[Data excerpts]
===

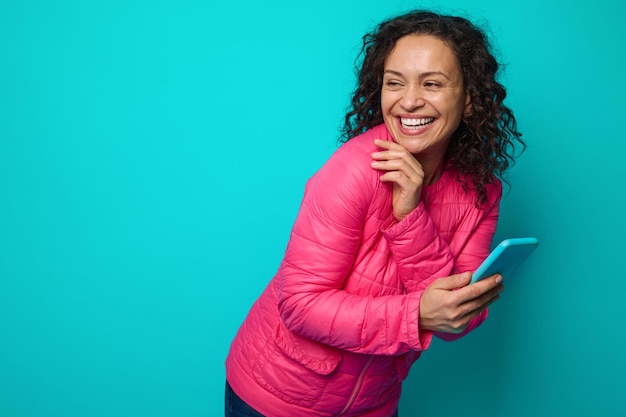 Joyful awesome attractive pretty woman with curly hairstyle, wearing bright pink jacket, laughs holding smartphone in her hand and looking through her shoulders at a copy ad space of blue background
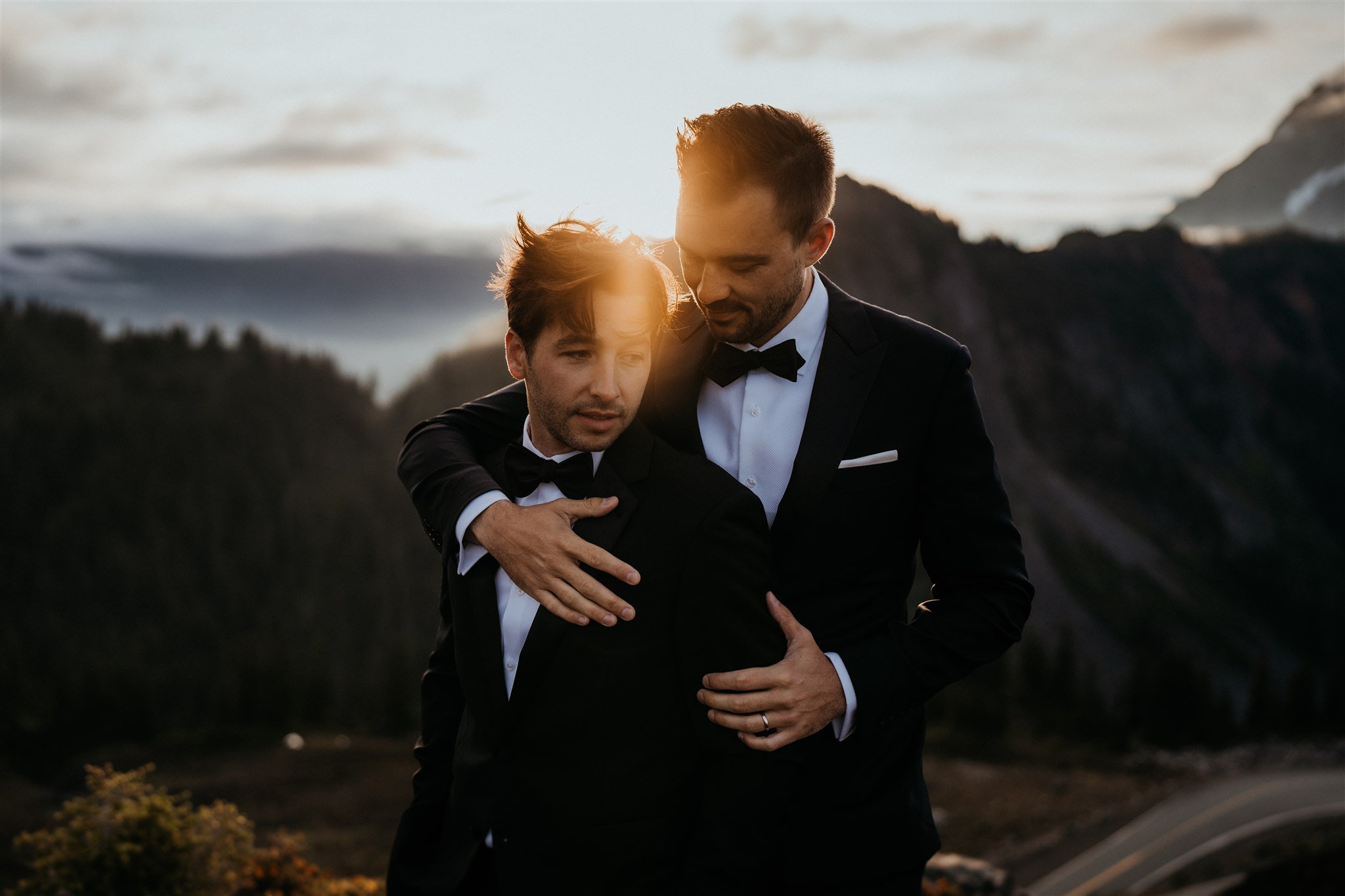 Two grooms embrace during their mountain elopement in the North Cascades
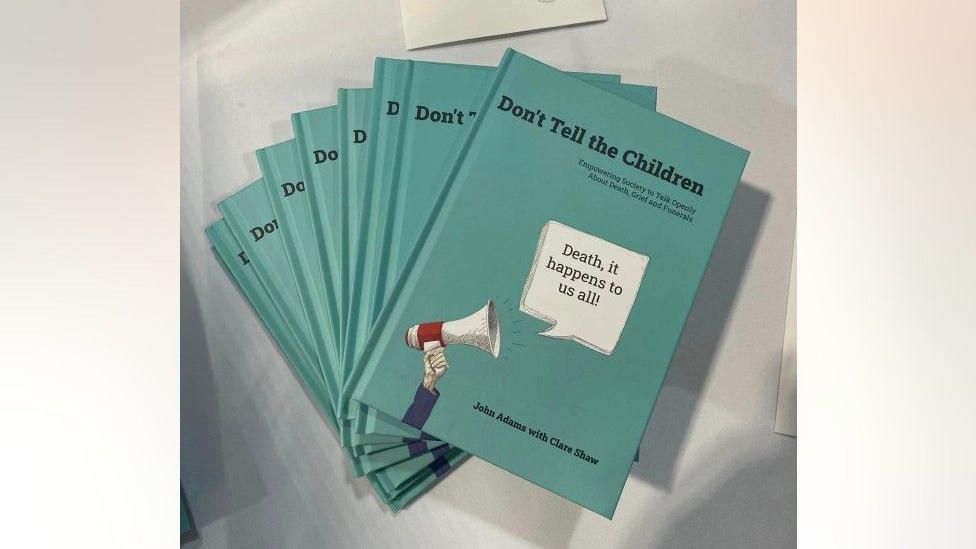 A blue book called Don't Tell the Children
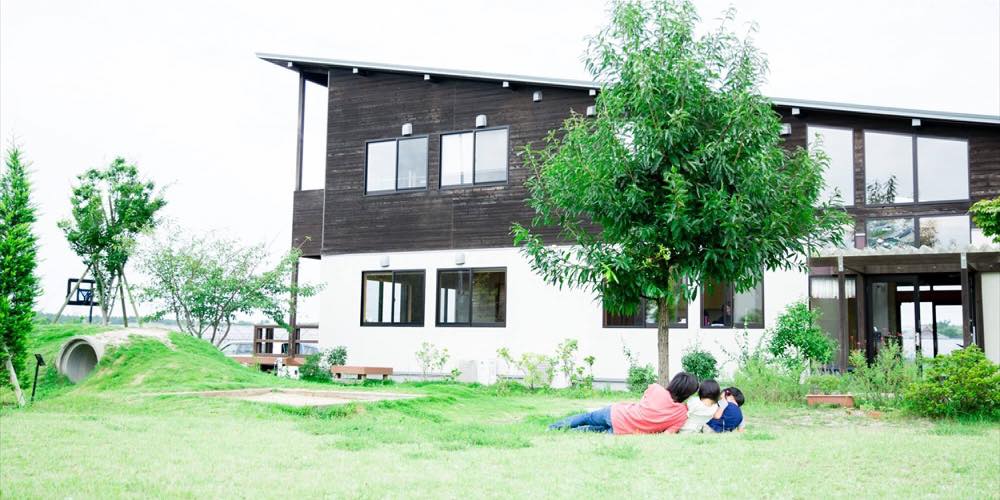 2010年4月に福岡市西区今津に開村した「子どもの村福岡」の外観。茶色と白の建物が広々とした芝生の庭に建っている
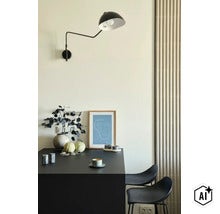 Moderne wandlamp boven een donkere tafel met kunstprint, vaas en koffiekopje in een elegant interieur (Image AI modified or generated)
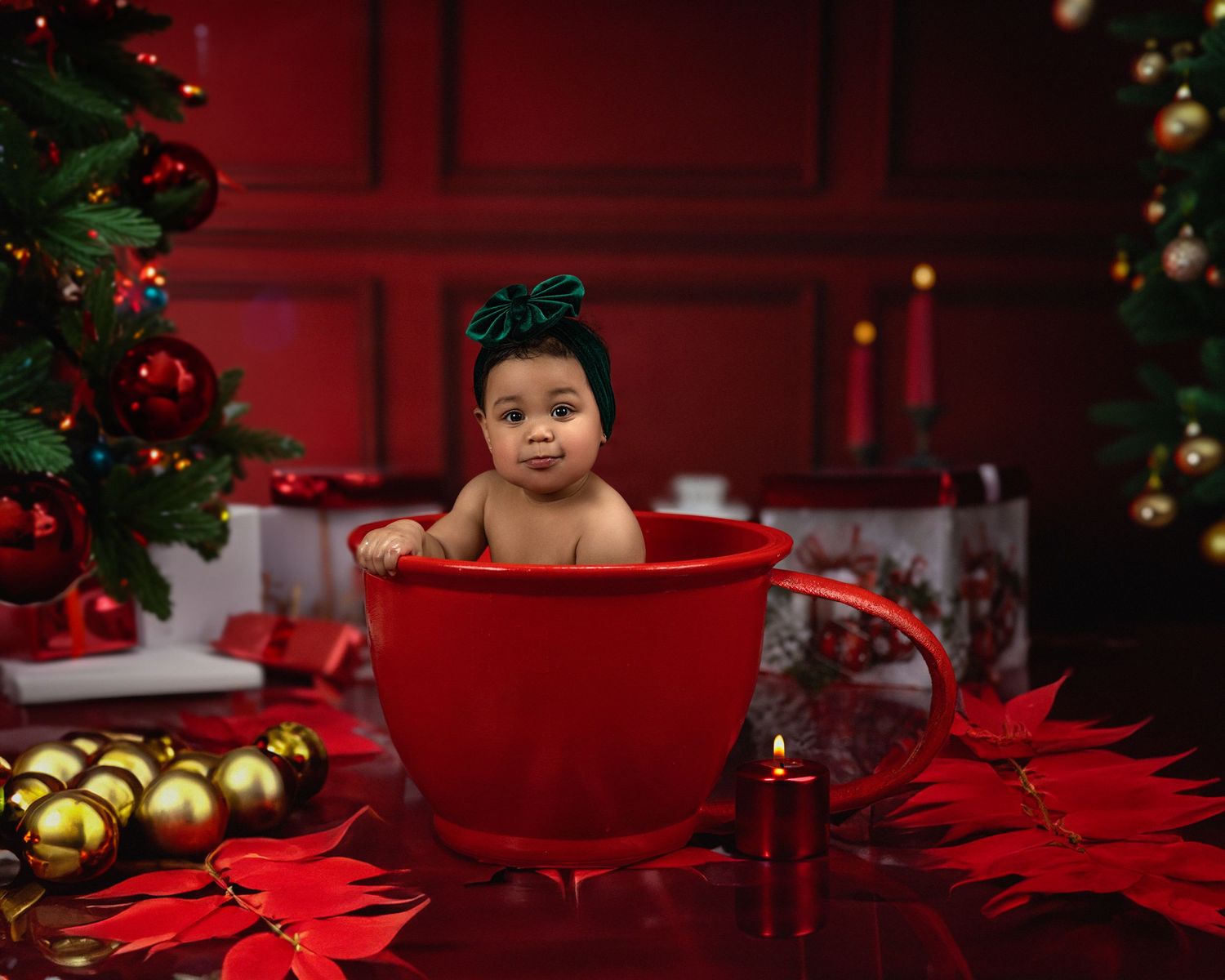 Festive Christmas photo featuring a large red teacup with holiday decorations and golden ornaments.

===

- _About this task_
All that belongs in the answer is the lines from the line with "2010年4月に福岡市西区今" through the closing line of the entries, inclusive, transcribed exactly and free of pictures.

- _Solution below_
 2010年4月に福岡市西区今津に開村した「子どもの村福岡」の外観。茶色と白の建物が広々とした芝生の庭に建っている
 Moderne wandlamp boven een donkere tafel met kunstprint, vaas en koffiekopje in een elegant interieur (Image AI modified or generated)
 Festive Christmas photo featuring a large red teacup with holiday decorations and golden ornaments.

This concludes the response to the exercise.